There are no predictors on what shade of a color a horse will be. All of that is a crap shoot. 

This is the reason if you want a certain color/shade, you are better off buying than breeding (not aimed at you op).


----------



## lblagden (Apr 12, 2011)

I think I'm just asking questions to keep my mind occupied while we wait. The vet said she was due early March and still nothing..

Apparently this mare was housed with a yearling Friesian colt for a few months but "is absolutely not in foal, the colt is too young". We found out shortly after buying her from the meat man that she was almost 6 months along.

I'm just hoping for a healthy foal. I'm also hoping it's not one of those Friesian mixes that just looks funny their entire lives. Fortunately the mare has really nice conformation, and she and her parents all have good performance histories. My friend looked her up with the AQHA - I wish I'd thought to ask her what colour the mare's parents were. Hopefully the colt that bred her has a similar background.

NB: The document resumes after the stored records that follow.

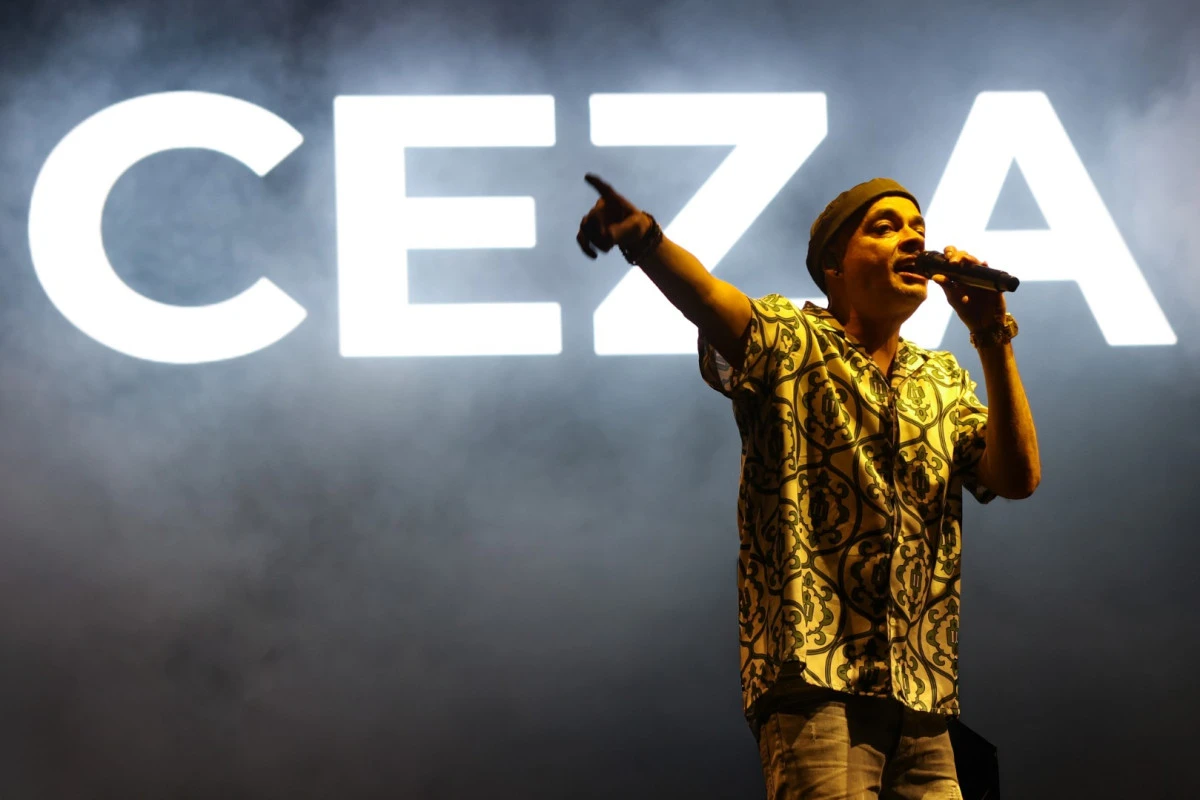 Ceza, EnFest sahnesinde hayranlarını coşturdu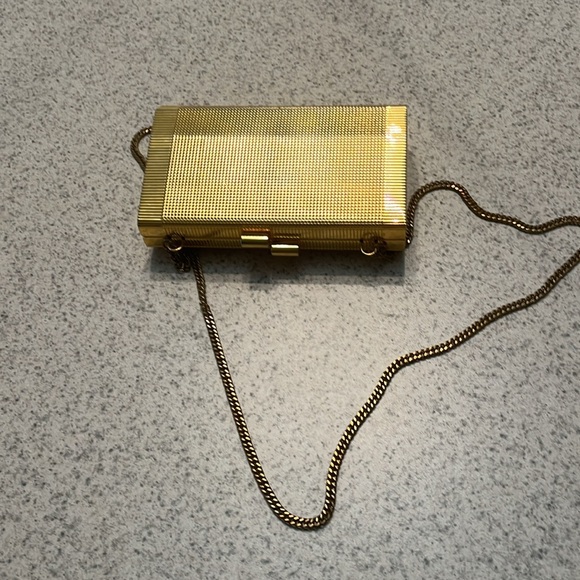 Vtg. Gold hard box purse with chain - Picture 5 of 12
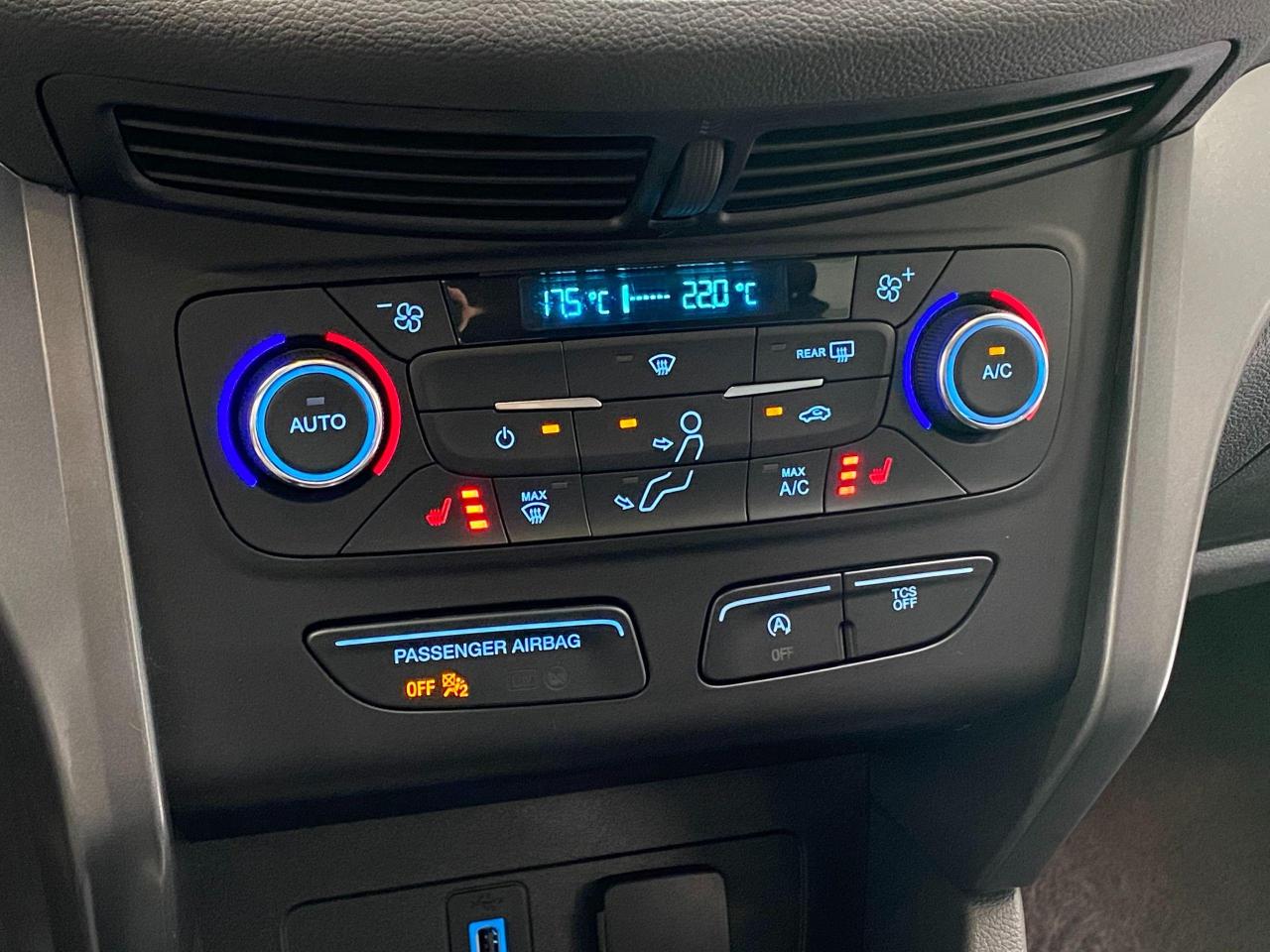2017 Ford Escape SE+APPLEPLAY+GPS+CAMERA+SENSORS+Heated Seats - Photo #28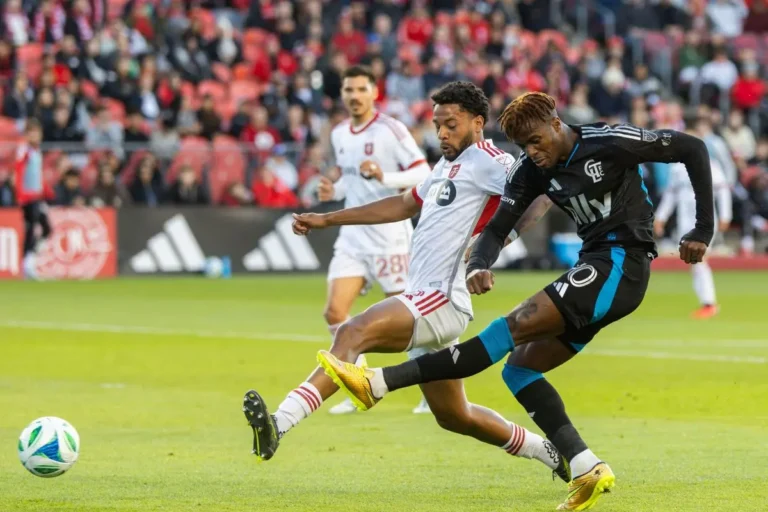 Wilfried Zaha avec le maillot de Charlotte @Alamy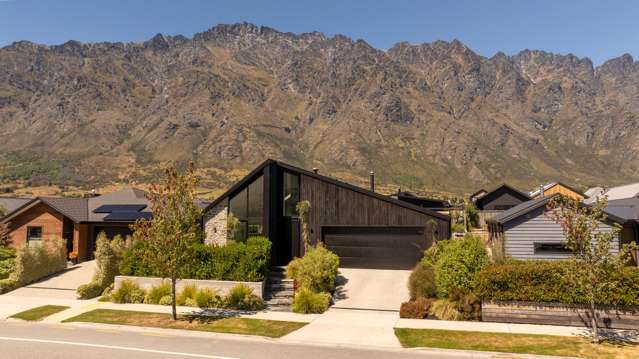 Luxury Living In An Architectural Masterpiece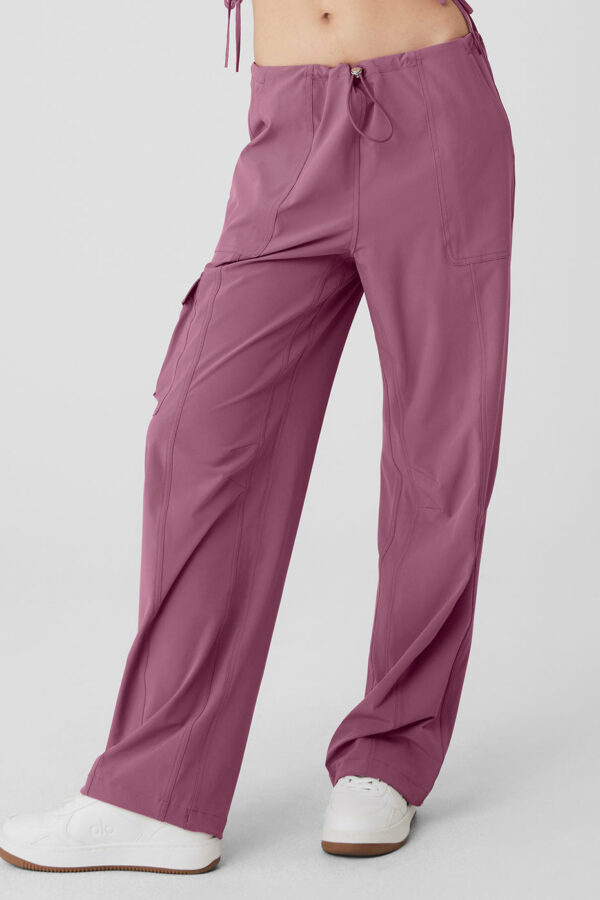 Alo Yoga | Megastar Cargo Pants in Soft Mulberry Purple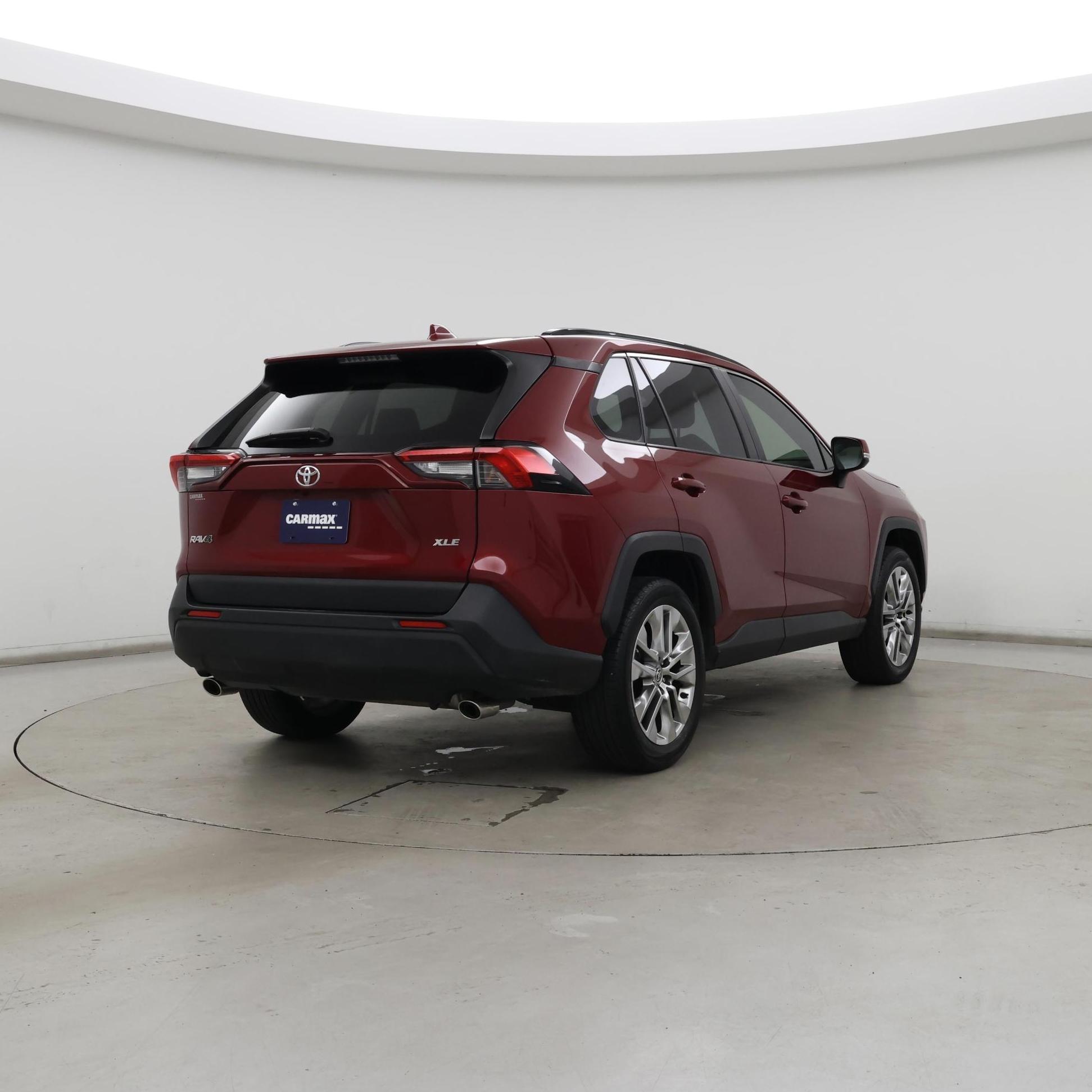 Thumbnail: 2020 Toyota RAV4 - 8
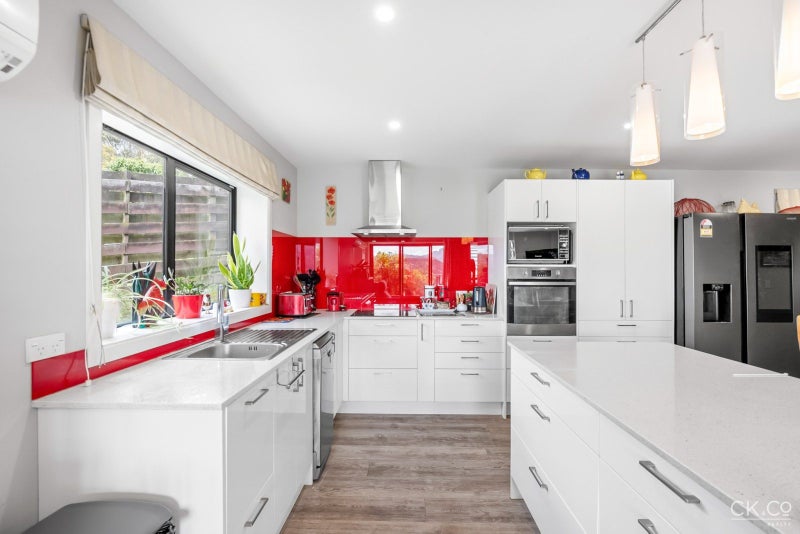 12 Roman Close, Silverstream, Upper Hutt - Carousel 2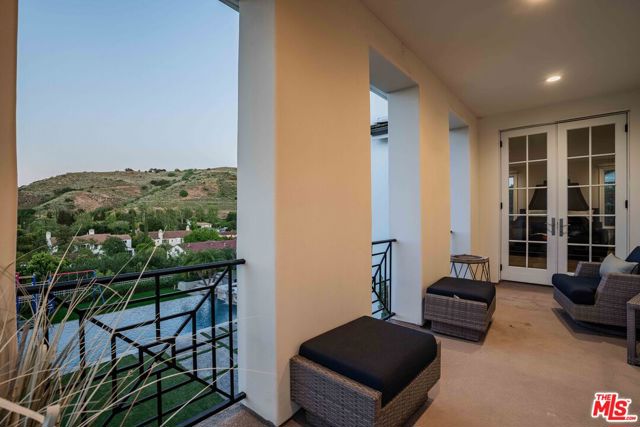 6 Bed Home for Sale in Calabasas, California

The mare also has some serious temperament issues, but one thing at a time.


----------



## Jacksmama (Jan 27, 2010)

Could we see a pic of the mare? I'm just curious to see her conformation


----------



## lblagden (Apr 12, 2011)

I'll see if I can get one this evening after work


----------



## NdAppy (Apr 8, 2009)

Asking questions is _always _a good thing. If I came across as it being a bad thing, that wasn't my intention. The part about buy a specific color was just a general statement and not directed at anyone in particular.


----------



## lblagden (Apr 12, 2011)

No, no, not at all! I just wanted to explain a bit where I'm coming from.

I'm very new to all of this - I've only been working with horses about 18 months and I'm completely new to the foal thing. So believe me, there will be TONS of questions. I'm fortunate to be surrounded by great trainers and instructors though.

For example, I've been told this mare has good conformation but I have no idea what to look for myself.


----------